Yes, absolutely. I remember being surprised when I first learned about how long most breaches go undiscovered. And how many are discovered by third-parties. Likewise, about how many people click on phishing campaigns. Now when I read about those things it just seems normal. I’ve lost count of how many times I’ve written about the importance of segmenting systems, using encryption, implmenting strong authentication and regularly testing defences.
What’s the most interesting thing you’ve learned about cybersecurity recently?
We’ve been doing a lot on 5G security recently and that’s been really interesting. It’s such a new topic that the only source we could find was technical content from manufacturers and organisations like the GSMA. A lot of that was hard going, but it was very satisfying when the clients were happy with what we wrote and their engineers and legal teams made very few changes.
Does writing about cybersecurity get you down?
Technology has enormous potential to do good and improve peoples’ lives.

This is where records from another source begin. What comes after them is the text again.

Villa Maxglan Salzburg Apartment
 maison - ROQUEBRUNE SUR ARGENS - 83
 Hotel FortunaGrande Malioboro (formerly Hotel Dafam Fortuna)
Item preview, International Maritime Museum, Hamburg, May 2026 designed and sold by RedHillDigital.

That would be so much easier if we didn’t have to worry about security. But sadly, I don’t think that any tool is going to make that happen—it’s got much more to do with macroeconomics than technology. So that day is a long way off.
On the one hand, it feels like we’re at a real nadir at the moment. Security tools have moved on a lot, but innovation is so fast, so varied, that consumers can’t keep up. And so, lots of people are worried about their toaster secretly having a microphone built in and sharing their most personal conversations. Really they should be worried about things like people using social engineering to find out things about them then carrying out sophisticated phone scams or getting them to click on a link and exposing them to malware.
Who would you like to write about security for?
There are lots of companies. IBM does some great content, as do several of the big consultancies like PwC and EY. But actually, most of all I’d like to work with an industry body with a few vendors as partners. Combining lots of ideas and different opinions with lots of data. That would be fun.